La mattina successiva avevo chiesto la caffettiera al magazziniere, mi rispose che non era possibile perché non potevamo usufruire del fornello, lì c’era una piastra ad induzione, però non funzionava perché mancante di un pezzo. Siamo stati otto mesi senza poterci fare un caffè. Passò il porta vitto e ci rifilò un po’ di acqua sporca fatta passare per caffè. Per lenire i crampi allo stomaco ho dovuto aspettare fino alle undici che passarono il pane e la frutta. Attendevo dalla fame il pranzo, ma con sommo stupore mi passarono sette penne, tre pezzettini di carne striminziti e tre fette di patate bollite. Credevo che fosse il primo giorno, invece anche gli altri giorni, settimane e mesi fu sempre così.

Da Cuneo mi avevano dato solo dieci euro più 52 euro di fondo vincolato. Feci un telex per informare i miei familiari che mi trovavo a Sassari e non me lo fecero partire, perché avendo fatto un po’ di spesa – acqua, una confezione di biscotti e un kg di mele – avevo finito i dieci euro, e loro non mi avevano sbloccato i 52 euro di fondo vincolato, pertanto per loro non avevo i fondi per pagare il telex, burocrazia ottusa a sfondo cieco, esclusivamente per opprimere.
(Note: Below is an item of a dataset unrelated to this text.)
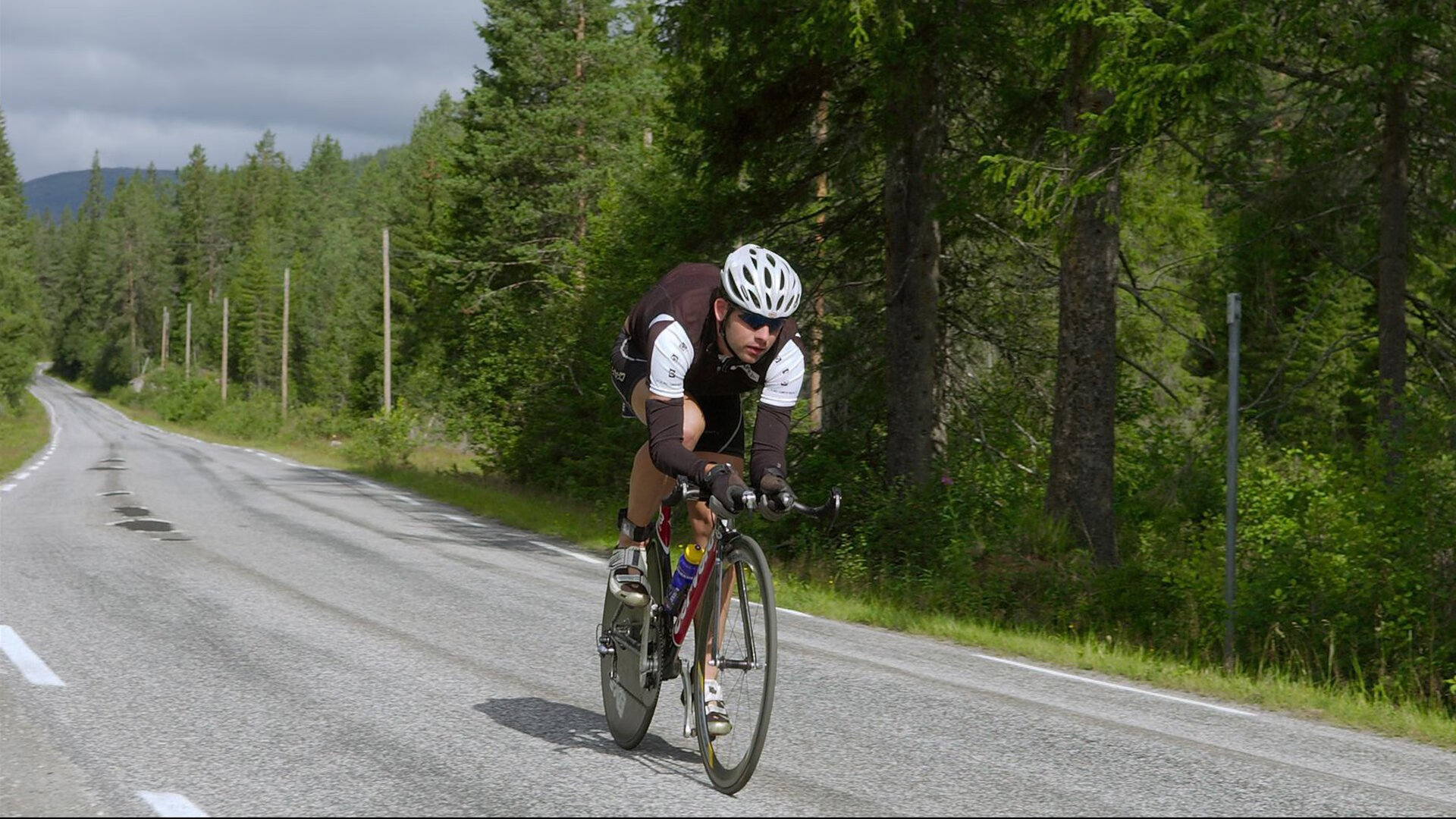 篮球运动员专项体能训练负荷监控与恢复技术研究,篮球运动训练负荷分析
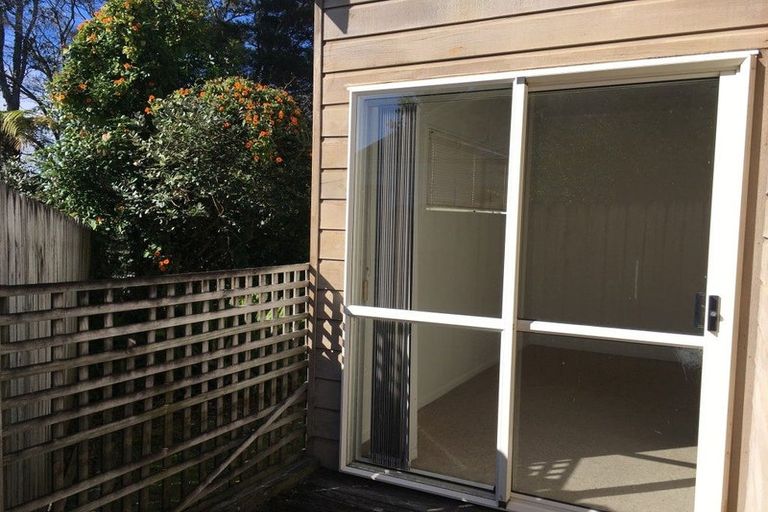 Photo of property in 39 Weldene Avenue, Glenfield, Auckland, 0629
A Cuneo si erano trattenuti illegalmente i miei soldi, perché mi fecero pagare i pacchi postali con la mia biancheria, che sono a carico dell’amministrazione, pertanto un abuso. La mia famiglia mi aveva fatto un vaglia a Cuneo, invece di girarlo al carcere dove ero stato trasferito, l’avevano rimandato indietro. Siccome i miei familiari non sapevano che ero stato trasferito, erano tranquilli, anche perché il vaglia indietro gli ritornò dopo un mese e mezzo. Dopo quindici giorni riuscii a telefonare all’avvocato e lo informai che mi trovavo a Sassari, lui informò i miei familiari, che subito mi fecero un vaglia a Sassari, che non veniva cambiato perché lì avevano la brutta abitudine di cambiare i vaglia due volte al mese. Nel frattempo sono stato costretto a bermi l’acqua non potabile della fontana della cella. Acqua gialla che di potabile non poteva averne in nessun caso. La direzione aveva il dovere di passare almeno una bottiglia di acqua al giorno, invece ne passavano tre a settimana, lo fecero per alcune settimane. Non potendo fare la spesa, per mia fortuna nella mia roba c’era un sapone di Marsiglia portato da Cuneo, con quello dovevo fare tutto per l’igiene personale.

Quando sono arrivati i pacchi da Cuneo, non mi hanno dato quasi niente, come se il 41bis di Cuneo fosse diverso da quello di Sassari. La spesa era misera e striminzita, si compravano poche cose, dopo vari reclami al magistrato di sorveglianza, l’hanno aggiornato e aggiunto altri prodotti. L’area sanitaria era da brividi, perché sotto le direttive dei GOM, i dottori non facevano niente per timore di questi signori. Avevo bisogno di una pomata per problemi di pelle, la dottoressa mi rispose che doveva chiedere al grande capo, pensavo che era il dirigente sanitario, invece era il comandante dei GOM, gli risposi che non ci troviamo nella Corea del Nord. In undici mesi, sono riuscito ad avere solo una visita urologica, due giorni prima che mi revocassero il 41bis. L’impressione della struttura era micidiale, perché dava quel senso di oppressione, di claustrofobia, di tortura psicologica, più peggiore dei racconti su Pianosa e l’Asinara. Sulle due isole la tortura era fisica e di alimentazione, viceversa a Sassari era tutto l’insieme, ti devastavano moralmente, al fine di violentare la tua dignità, calpestare i tuoi sentimenti, per annichilire la personalità e ridurci a dei vegetali.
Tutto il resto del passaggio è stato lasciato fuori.